YOUR TASK >> Could you retype, exactly and with no pictures, only the lines from the first line of the records below through the line that contains "Antelope canyon navajo"?

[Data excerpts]
------------------------
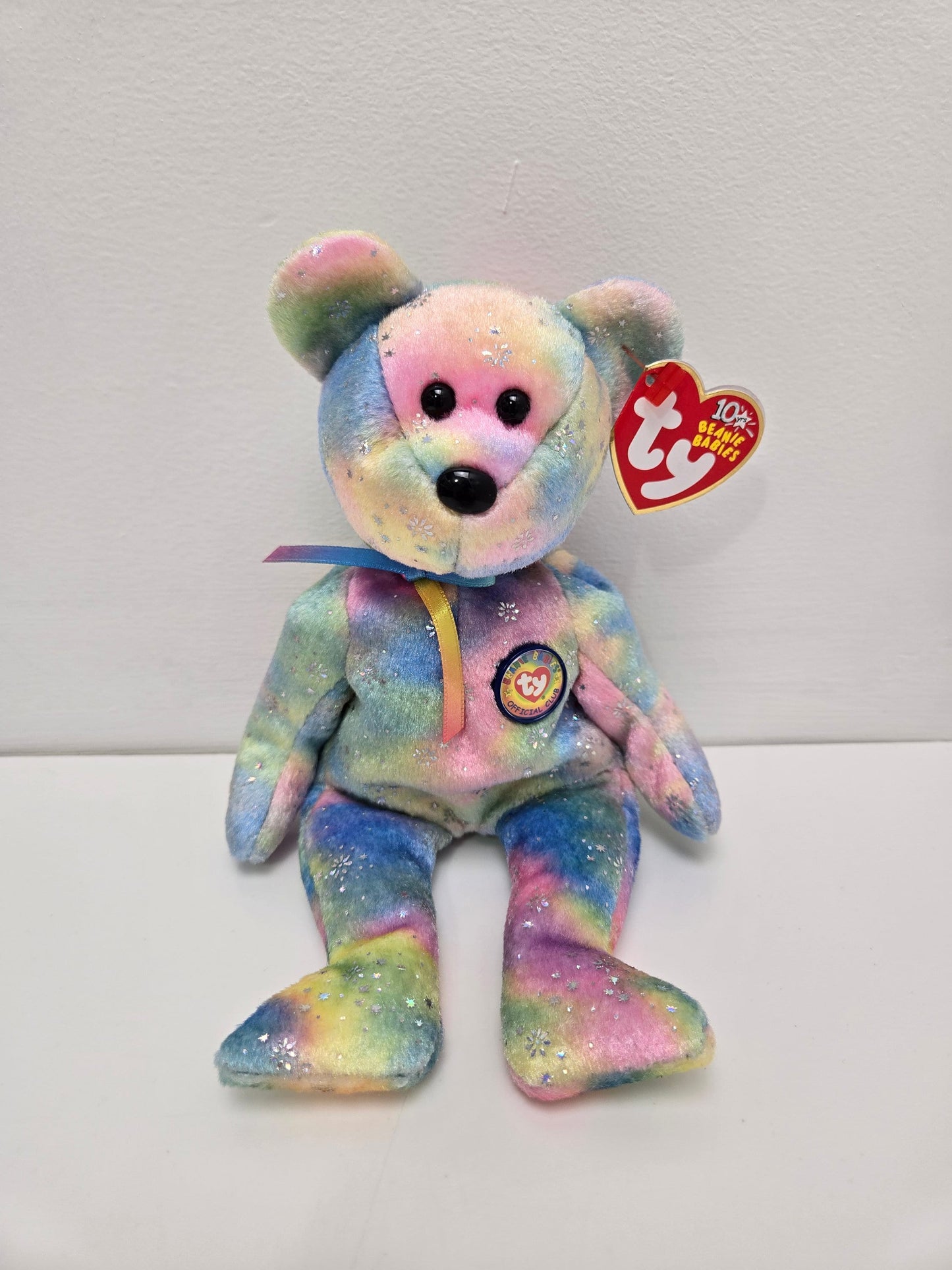 Ty Beanie Baby Clubby 6 the gorgeous Rainbow Bear - Colours Vary! (8.5 inch)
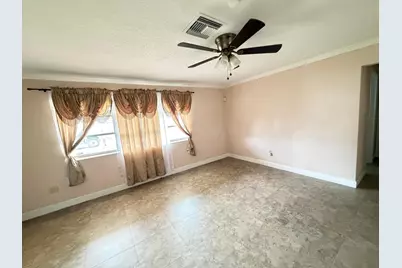 8870 Taft Street, Pembroke Pines, FL 33024 - Photo 6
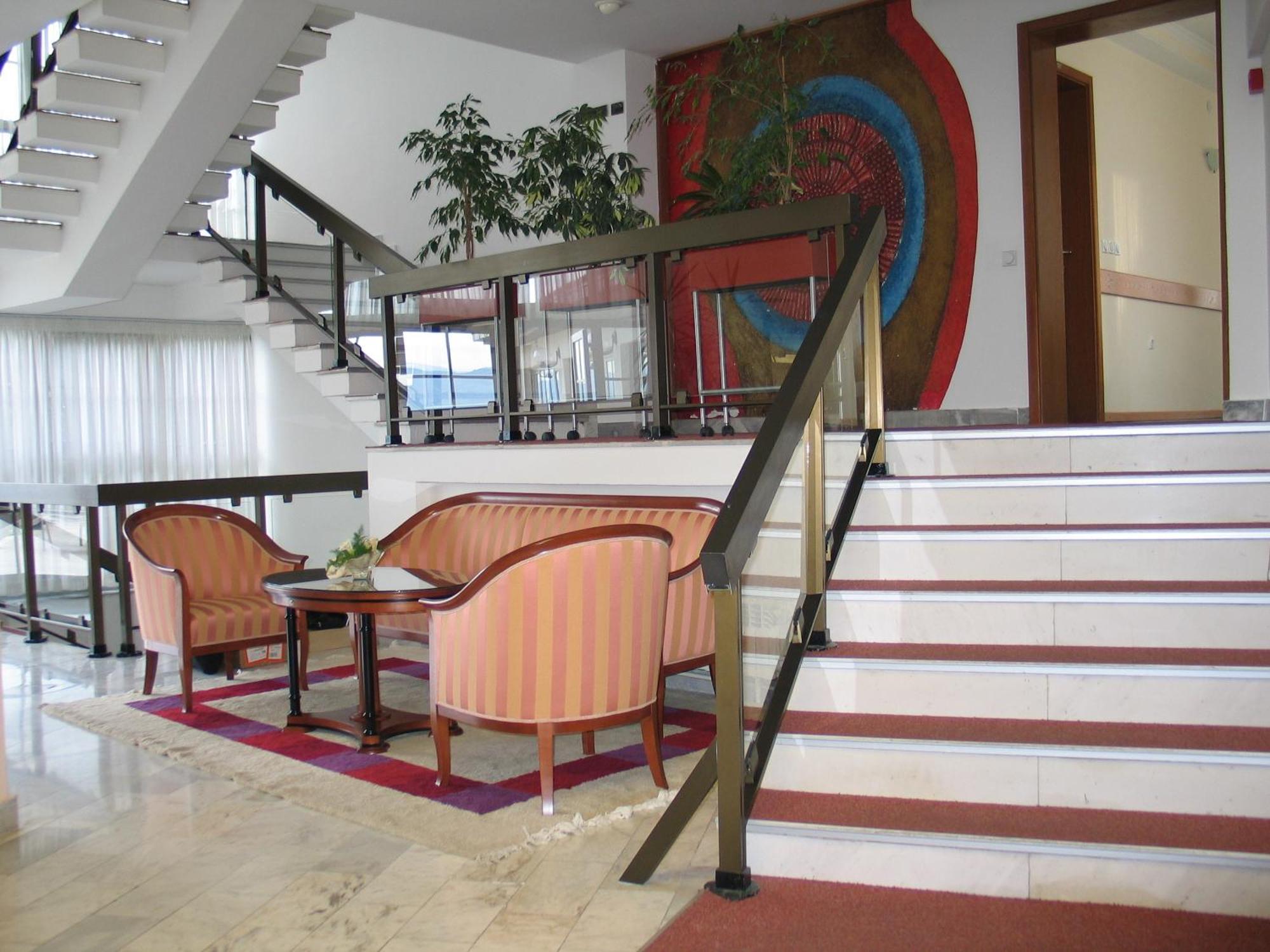 Hotel Makpetrol 斯特鲁加 内观 照片
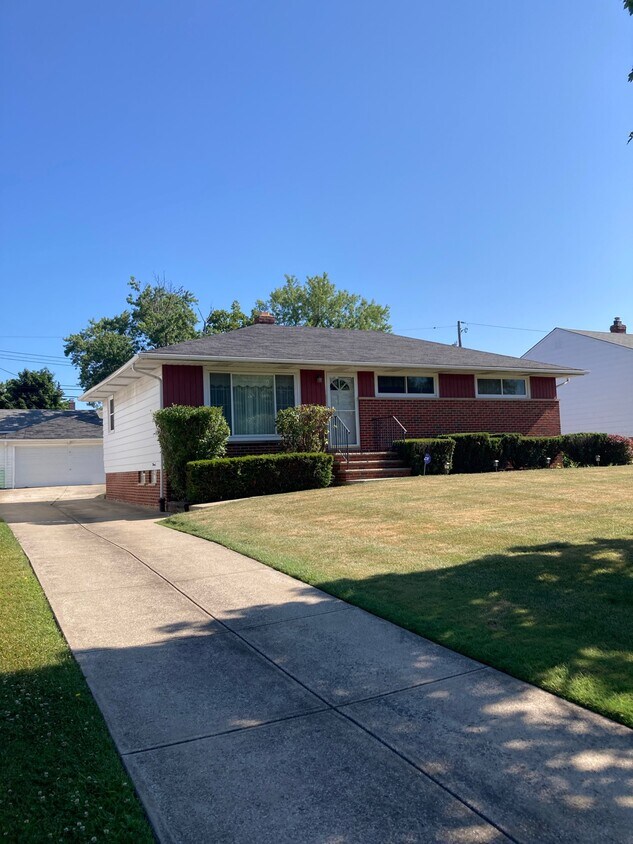 Primary Photo - 45 Meadowgate Blvd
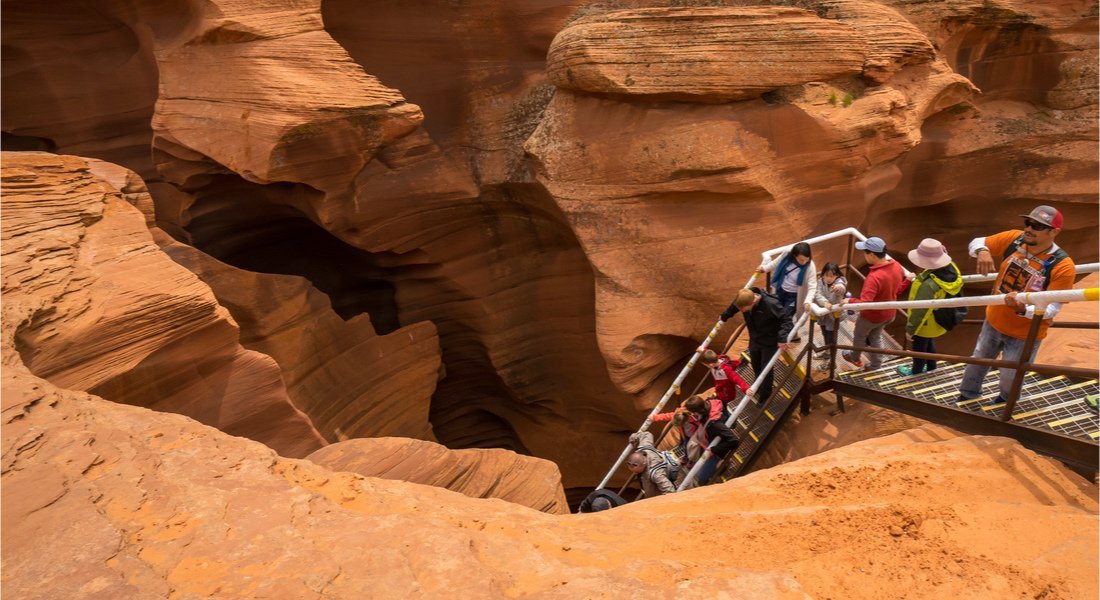 Antelope canyon navajo tours touristes en train de descendre les escaliers pour entrer dans le canyon
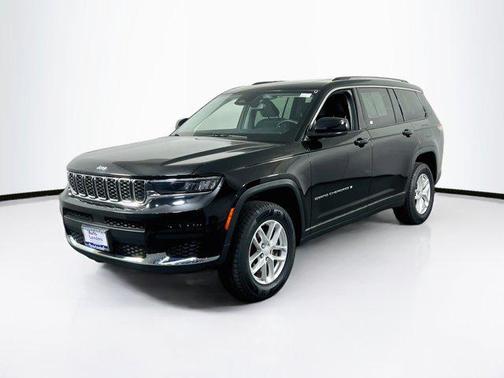Diamond Black Crystal Pearlcoat 2023 Jeep Grand Cherokee L Laredo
------------------------
RESPONSE FOR THIS EXERCISE >>
 Ty Beanie Baby Clubby 6 the gorgeous Rainbow Bear - Colours Vary! (8.5 inch)
 8870 Taft Street, Pembroke Pines, FL 33024 - Photo 6
 Hotel Makpetrol 斯特鲁加 内观 照片
 Primary Photo - 45 Meadowgate Blvd
 Antelope canyon navajo tours touristes en train de descendre les escaliers pour entrer dans le canyon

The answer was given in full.